RIP to "POS Banking"? Inside CBN’s Strict New Agent Banking Guidelines

31st December 2025 2 ìṣẹ́jú kíkà

The era of the "unregulated POS stand" on every street corner is effectively over. If you run a POS business or rely on one for your daily cash, you need to pay attention to the Central Bank of Nigeria’s (CBN) 2025 Guidelines for Agent Banking.

Released in October and set for strict enforcement by April 1, 2026, these rules are the most aggressive crackdown on the agency banking sector we have ever seen.

The "Exclusivity" Bombshell The biggest change is the "Prohibition of Exclusivity"—or rather, the enforcement of it. Previously, an agent could have five POS machines on one table: Moniepoint, OPay, Palmpay, and GTBank. If one network failed, they used the other. Under the new guidelines, the CBN is pushing for a model where agents are directly liable to one principal. While "Super Agents" can still aggregate, the days of an agent acting as a "freelance bank" with zero oversight are ending.

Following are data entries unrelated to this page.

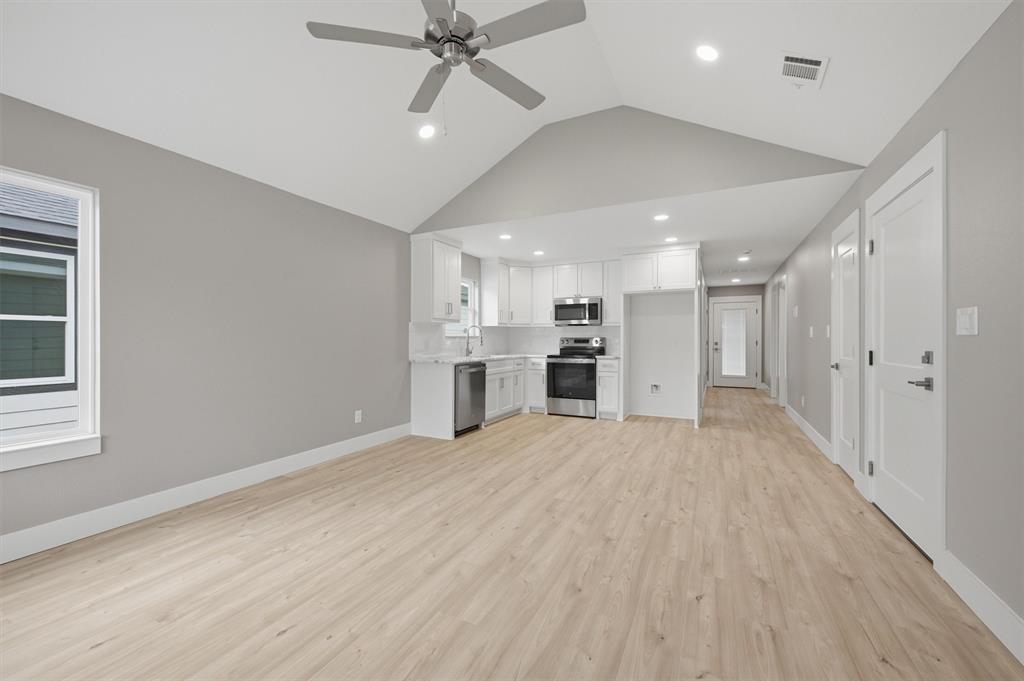 ELEANOR'S 1ST ADDITION - Residential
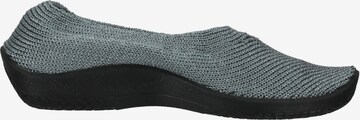 Chaussure basse Arcopedico en gris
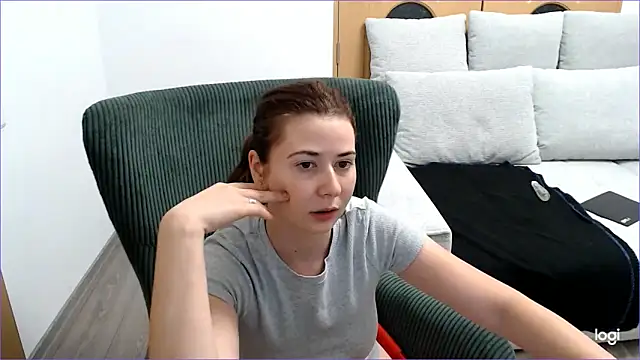 Snapshot of VioletaFlower7 chatting on September 14, 8:08 pm VioletaFlower7 online show from September 14, 8:08 pm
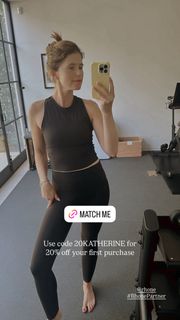 Katherine Schwarzenegger feet photo thumbnail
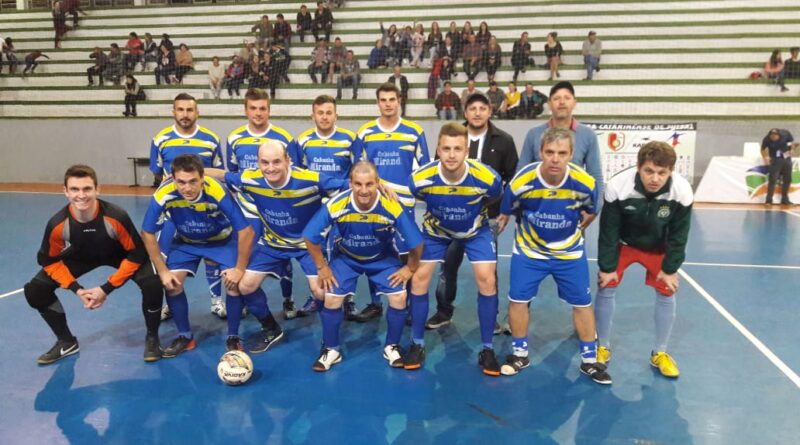 Cruzeiro Golfo/Grêmio Limeira venceu o Folle Futsal por 3 a 0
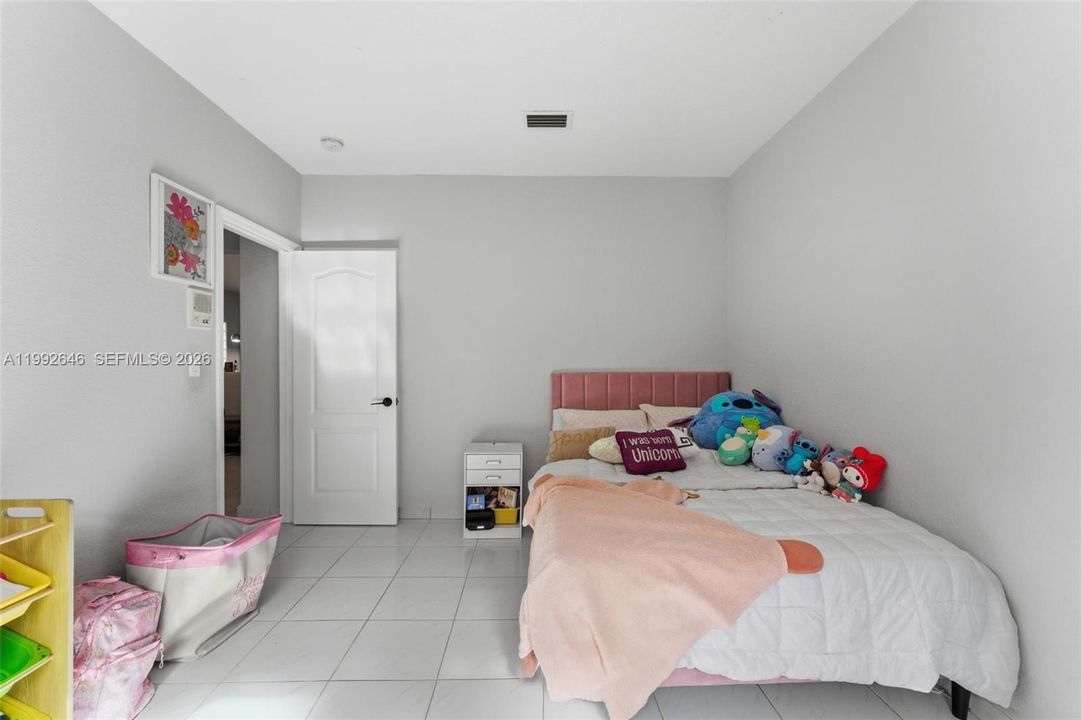 For Sale: $710,000 (3 beds, 2 baths, 1878 Square Feet)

The "Killer" Feature: Geo-Fencing Perhaps the most controversial technical requirement is Geo-Fencing. As reported by legal firm SRJ Legal, POS terminals must now be technically restricted to work only at a specific registered location.

The Scenario: If you register your POS terminal for a shop in Ikeja, and you take it to a trade fair in Kano to do business, the machine is required to automatically shut down or flag the transaction as fraud.

The Goal: To stop criminals who steal POS machines and use them to empty victims' accounts in different states.

Key Compliance Changes for 2026

7-Day Resolution: Banks/Fintechs are now mandated to resolve failed POS transaction disputes within 7 days (down from 14+).

Cash Limits: A strict daily cash-in limit of N100,000 per customer (unless enhanced KYC is done).

No "Robo-Agents": The use of automated kiosks without human oversight is now heavily regulated.

The Impact This will likely reduce fraud, which has become an epidemic in Nigeria (with N17.6 Billion lost to fraud in 2023/24). However, it will also shrink the number of available agents. Expect a "rush" in Q1 2026 as fintechs fight to lock down the best agents exclusively before the April deadline.